Power election bid to cause headache for Fianna Fáil
Published 24/08/2015 | 02:30
Former Fianna Fáil senator Averil Power is set to cause more headaches for Micheál Martin with her decision to stand as an Independent candidate in the general election.
Ms Power confirmed yesterday she will be running in the next election in the Dublin Bay North constituency after months of speculation following her shock decision to quit Fianna Fáil.
She now joins the ticket in an already highly competitive new five-seat constituency.
Fine Gael is running three candidates, with Jobs Minister Richard Bruton joined by councillor Naoise Ó Muirí and Stephanie Regan.
The other sitting TDs contesting are Labour Party junior minister Aodhán Ó Ríordáin, Independent Tommy Broughan and Finian McGrath and Renua's Terence Flanagan.
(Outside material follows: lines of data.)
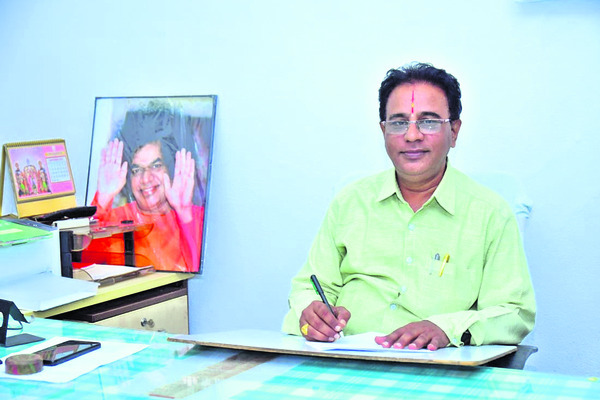 సమాచారశాఖ ఏడీగా సీహెచ్ పురుషోత్తం1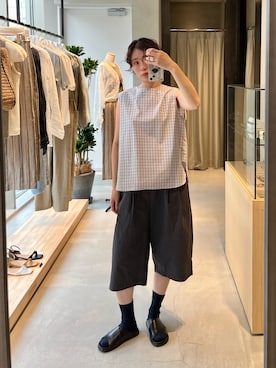 「かぐれ（カグレ）のギンガム2WAYブラウス（シャツ/ブラウス、グレー系）」を使った、takagi kotomiさん（レディース・163cm）の夏コーディネート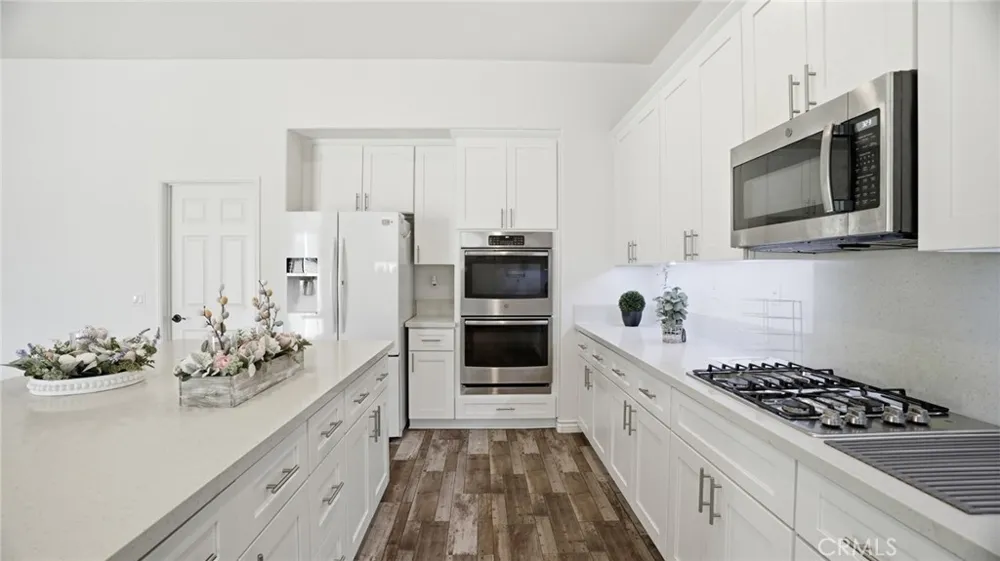 4727 W Vahan Court Lancaster, CA 93536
Sinn Féin councillors Micheál MacDonncha and Denise Mitchell are strongly in contention.
Fianna Fáil is running councillor Deirdre Heney. But speculation is mounting the party will add Sean Haughey to the ticket after he lost the selection convention to Ms Heney.
The decision to run two candidates could split the Fianna Fáil vote. However, party officials yesterday insisted no decision has been made.
The new constituency came from the mergers of the traditional Dublin North-East and Dublin North-Central.
Speaking to the Irish Independent, Ms Power said she retained the majority of her election team after she quit Fianna Fáil, claiming the party had failed to throw its full support behind the same-sex marriage referendum.
"I know a lot of my support base has been incredibly loyal since I left Fianna Fáil," she said.
"I have been getting constant messages from people who say they agree with my decision and that they will continue to support me."
Sources said around 55 members based in Ms Power's constituency quit Fianna Fáil after her departure.
Ms Power said she did not want her campaign to focus on her fallout with the Fianna Fáil leadership.
Apart from Sinn Féin, she said she would not rule out supporting future governments if they were focused on introducing social justice policies.